Route map and elevation profile

3/13/2016

The Little Brown Church of the Valley

Filed under: — stan @ 2:31 pm

With all the talk about Nancy Reagan dying this week, the L.A. Times ran a short article about the Little Brown Church of the Valley in Studio City. This is where Ron and Nancy Reagan were married in 1952. So I thought this might make a good bit of sightseeing for the Sunday Morning Ride.

The route was basically the same as our Studio City for Gelato ride. Pretty much a straight shot west across Glendale and Burbank into the Valley,and west on Moorpark St to Coldwater Canyon. The church is just a few hundred feet north of Moorpark St. And it’s little all right. It’s a quaint little church.

Heading back, we stopped at the Gelato Bar in Studio City. I don’t remember how we found that place, but we stop there whenever we’re out that way.

To get home, we rode back across Glendale and up and over Chevy Chase and Linda Vista back into Pasadena. In the middle of Glendale, I noticed a street with some 1920s-vintage antique street lights. It was pretty obvious that they dated to before the ’30s, since the bases of the poles were decorated with a band of swastikas. So they clearly had to date from a time before the swastika was co-opted into a symbol of evil.
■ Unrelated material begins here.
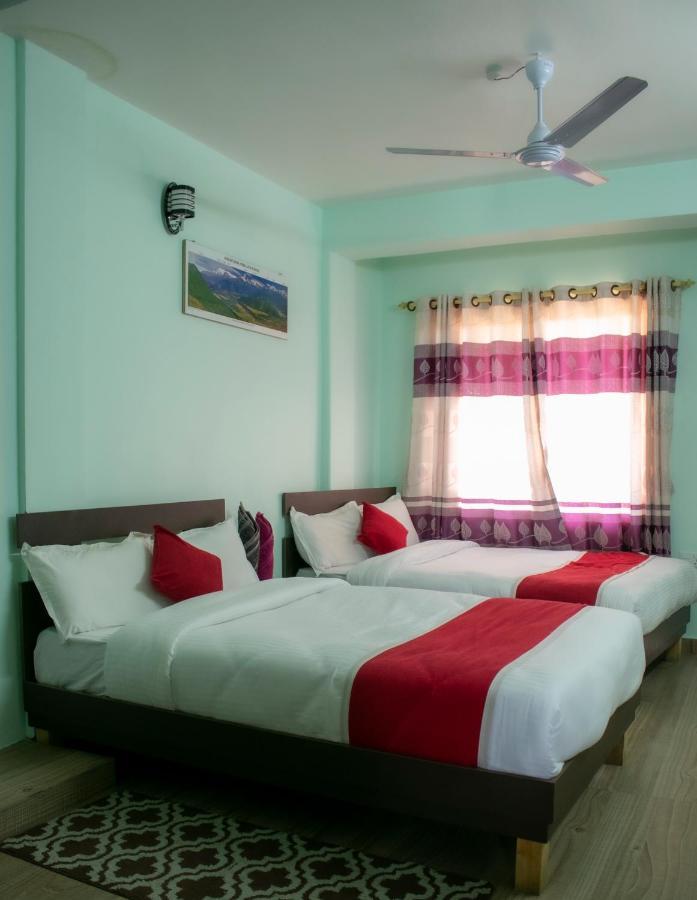 Hotel Elite Pokhara Bagian luar foto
The final bit of weirdness we saw was when we got back to Pasadena. There was a house on Orange Grove that had two little chihuahuas in the yard. The odd bit was they both had no front legs. But this didn’t slow them down much. They were both hopping around the yard like little kangaroos, guarding their yard just like dogs do. That was a very strange sight. But even though it was a bit weird, it was a pleasant ride.

43 miles.

2/7/2016

An Empty Freeway in Los Angeles is a Surreal Sight

Filed under: — stan @ 2:30 pm

Back in November, we took a ride downtown to see the 6th St bridge close-up. At the time, it had been announced that it was going to be torn down and rebuilt, but the work had not started yet. But this weekend was when the actual work got underway. The plan was to demolish the section of the bridge where it passed over the 101 freeway, just east of downtown Los Angeles. As with the famous “Carmageddon” on the 405 freeway a few years ago, this was going to require closing a section of the 101 freeway for about a day and a half. The closure was supposed to start on Friday night, and run until afternoon on Sunday. So of course, I figured the Sunday morning Foothill Cycle bike club ride should go and see it. A closed and empty freeway is extremely rare in Los Angeles. In 30 years living here, I’d never seen one before.
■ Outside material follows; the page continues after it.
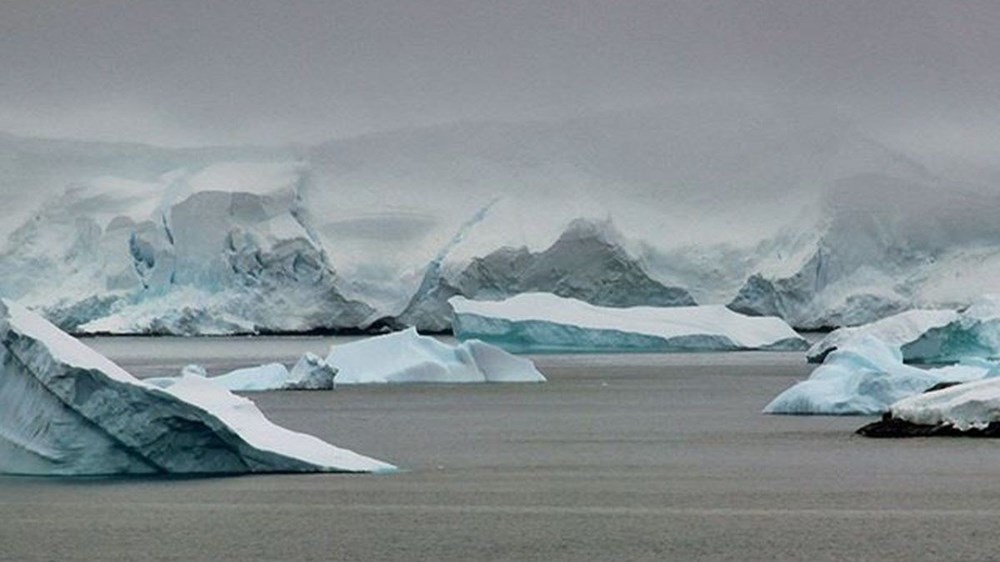 Antartika'da dev buz kütlesi buz sahanlığından koptu - 9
I’ve only been on a freeway on my bike two times. Once was when I was about 12, and there was about a two-mile stretch of the then-future Mt Nittany Expressway that was built but not opened yet. My friends and I rode our bikes there just for the novelty of riding on it. The other time I was in 1977, when I was a bike racer. One day when I was out riding, I caught a flat-bed truck carrying a bulldozer on an uphill stretch. Somehow, that truck made the perfect draft*, and I was able to draft off it for a good 10 miles, doing 40-45mph the whole way. I knew that the road we were on turned into a freeway up ahead, and I wanted to see if I could keep up with it when it hit full freeway speed. When it got going, I was able to keep up, spinning as fast as I could in my top gear. We didn’t have bike computers then, so I don’t know how fast I was actually going, but it was fast. Fast enough that, even though I was 17, I somehow realized that this was probably Not a Good Idea. I figured I’d made my point and I should probably get off the freeway at the first exit. Still, that was an experience.
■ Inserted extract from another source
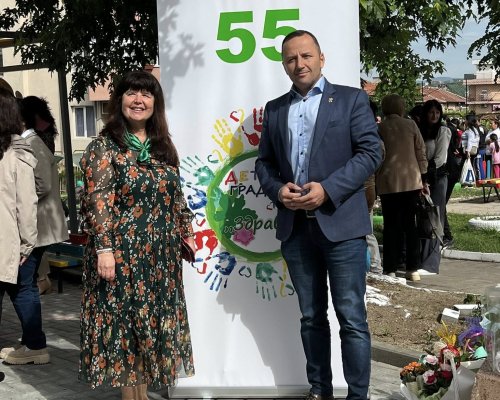 ДГ Здравец в Благоевград стана на 55 години, областният управител Г. Динев бе специален гост на тържеството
Our route took us straight south to Rosemead, and then west through Monterey Park to East L.A. and Boyle Heights. We got to where 1st St crossed under the 101 freeway. There was an on-ramp to the northbound 101 which did not say it was closed. Cars were getting on the northbound freeway there, but it was pretty obvious that there was none of the usual freeway sound coming over the sound wall. So we headed south a few blocks to 4th St, which crosses the 101 on an overpass. From there, it was easy to see the completely empty freeway. There was an off-ramp from the freeway up to 4th St, so I rode down it to see it close-up and ride a quick circle on the empty freeway. Wow, that felt weird.

Continuing on, we took the 4th St bridge across the L.A. River to downtown. Then we rode the bike lanes down Spring St and 7th St before turning north and heading up to Echo Park. We stopped for snacks at Chango Coffee. Our route home went up the Arroyo Seco bike path back to South Pasadena, and then home from there.

40 miles.

* Drafting a truck on a bike was tested by the Mythbusters, and they deemed it “Plausible”, but I can personally attest that it is “Confirmed”.

Route map and elevation profile

1/17/2016

Visting the point of impact

Filed under: — stan @ 1:40 pm

I’ve recently been binge-watching the airplane disaster series “Mayday“. One of the episodes told the story of Hughes Airwest Flight 706 which crashed in the mountains just north of Duarte in 1971, after colliding with a Marine Corps fighter jet. In the process of reading more about that incident, I fell down the Wikipedia Rabbit Hole, and discovered that there had been another crash involving a mid-air collision near here, and it occurred just a few blocks off of one of our regular bike ride routes. Since it happened 41 years ago, I knew that there would be no trace of it now, but I still thought it might be interesting to visit the site.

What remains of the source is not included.